Unzählige Menschen hatten ihr Zuhause inzwischen in der Wollankstraße. Die ganz große Geschichte wurde hier zwar nicht geschrieben, aber es gibt doch allerhand Interessantes und Mitteilungswertes über diese alte Straße und manch ihrer Bewohner zu erzählen, denn schließlich gibt es diese Straße schon seit rund 300 Jahren.

Meine erste Begegnung mit der Wollankstraße hatte ich im Jahre 1970. Glücklich und mit einer Wohnungszuweisung der Kommunalen Wohnungsverwaltung in der Hand, suchte ich als „Zugereister“ unsere erste Wohnung in der Wollankstraße Nr. 20. Mir war die Wohnlage als solide und ruhig beschrieben worden, und so dachte ich an eine kleinere verträumte und begrünte Pankower Straße abseits vom Lärm der Hauptstraßen, wie es schließlich viele gibt. Doch wie erschrak ich, als ich vom Pankower Rathaus kommend, plötzlich ziemlich blanke Schienen im Kopfsteinpflaster entdeckte. Ich dachte sofort an quietschende Straßenbahnen und an eine stark befahrende Hauptstraße.

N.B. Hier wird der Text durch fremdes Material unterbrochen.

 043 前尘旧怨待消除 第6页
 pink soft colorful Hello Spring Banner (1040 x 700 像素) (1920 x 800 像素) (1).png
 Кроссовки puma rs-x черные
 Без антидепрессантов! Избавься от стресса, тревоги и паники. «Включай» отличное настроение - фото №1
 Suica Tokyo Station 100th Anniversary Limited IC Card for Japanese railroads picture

Damals wusste ich nicht, dass sie es einmal war und erst recht nicht, dass sie es wieder werden sollte. 1970 jedenfalls hielt sich der Straßenverkehr in Grenzen, viele stattliche Bäume gaben der Straße einen wohnlichen Charakter, und so suchte ich erst einmal die Nummer 20.

Die Straßennummerierung begann vorn rechts mit der Nummer 1. Ich tastete mich langsam vor und bemerkte erst jetzt, dass ich mich in einer sogenannten „Mauerstraße“ befand. In der Provinz kannte man „Die Berliner Mauer“ mehr als Synonym für die deutsche Teilung, z.B. am Brandenburger Tor. Doch der konkrete Verlauf durch Berlin war weniger genau bekannt. Aber die Unkenntnis kann noch viel schlimmer sein: Mitte der 70er Jahre hatten wir Austauschstudenten aus Moskau zu Besuch in der Wollankstraße. Als sie die Mauer sahen, fragten sie uns, welche westdeutsche Stadt dahinter liegt - Hamburg oder so ?

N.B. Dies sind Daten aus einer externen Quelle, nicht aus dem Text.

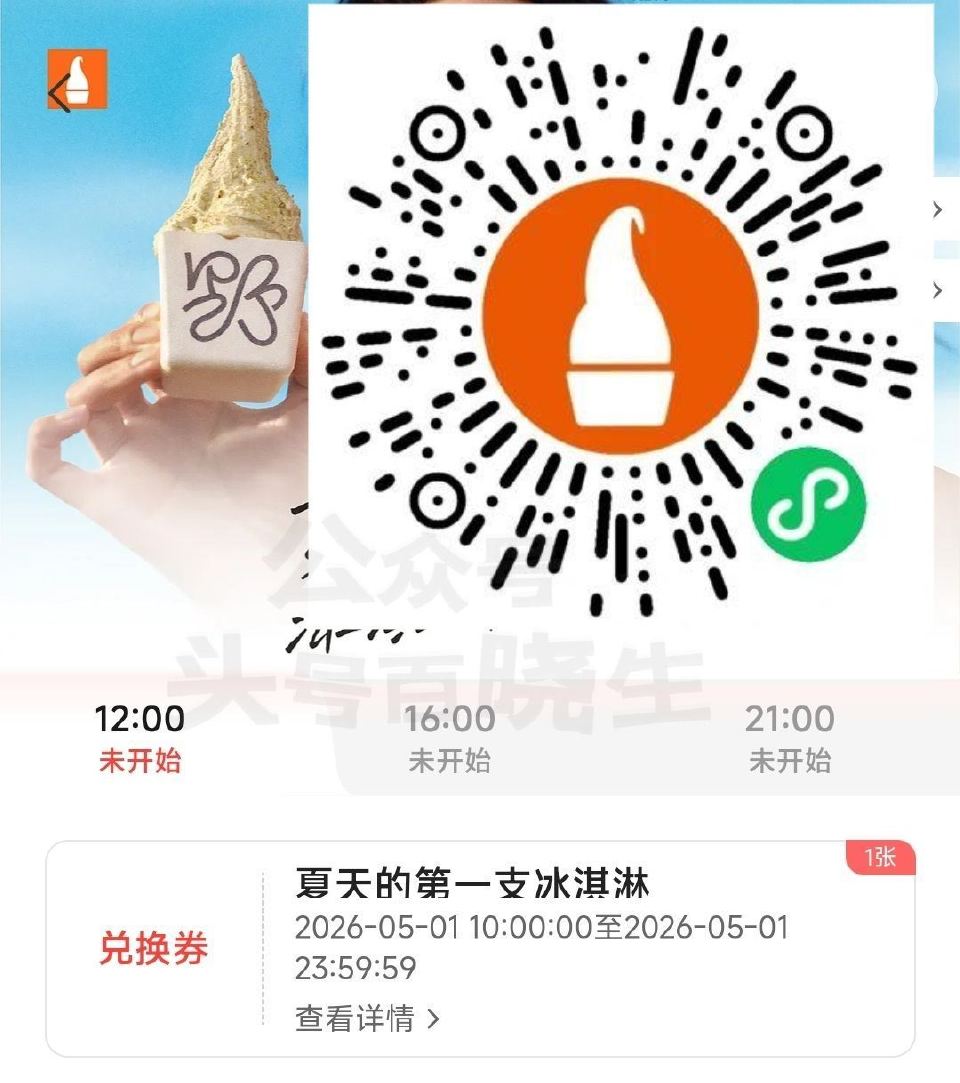 【野人先生兔费送30w份冰淇淋】 ✅每天 ⏰12点 16点 21点 野人先生小橙序 提前进不然卡 🔗...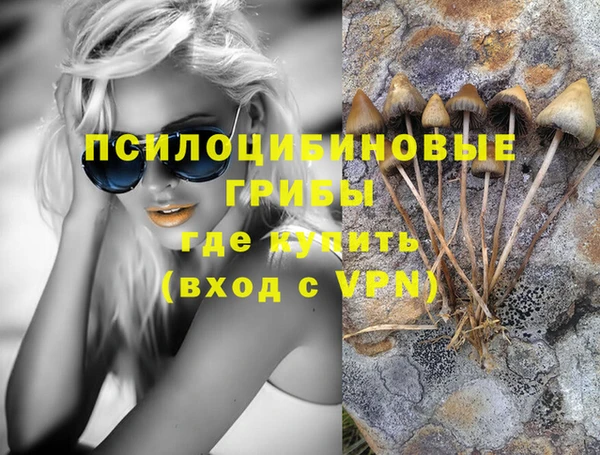 альфа пвп VHQ Белокуриха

Da die Nummer 20 hinter der Florastraße, in die alle Autos einbogen, lag, fand ich die Zusage einer ruhigen Wohnlage bestätigt. Zum Glück lag das Haus aber nicht im unmittelbaren Grenzgebiet, denn sonst hätten wir spontan keine Besucher empfangen dürfen. Aber eine spätere Bekannte, die im Grenzgebiet in der Brehmestraße wohnte, fand das recht praktisch, denn sie brauchte nie ihre Wohnung aufräumen. Besuch musste sich schließlich erst eine staatliche Genehmigung holen. Dadurch hatte sie dann genug Zeit, die Wohnung für einen Besuchsempfang herzurichten.

Und so begegnete ich den ersten echten Berliner Wollankstraßenbewohnern. Das Haus Nr. 20 befand sich immer noch in Privatbesitz; es gehörte der Erbengemeinschaft des früheren Eierhändlers Max Preetz. Nach dem Einzug in die Wohnung erfuhren wir, dass unser verwitweter Vormieter, beruflich ein offizieller Vertreter des DDR-Rechts, sehr  plötzlich verstorben war. Bei der Beräumung seiner Wohnung fand man auf einem selbst gebauten Hängeboden (den wir später auch gern benutzten), eine ganze Hinterlassenschaft aus dem III. Reich, einschließlich eines großen gerahmten Hitler-Bildes.

So vermischen sich in der Wollankstraße, wie wohl überall in einer Stadt, Alltagsgeschichten, die vergessen werden, mit interessanteren Begebenheiten, die da und dort dann auch aufgeschrieben wurden.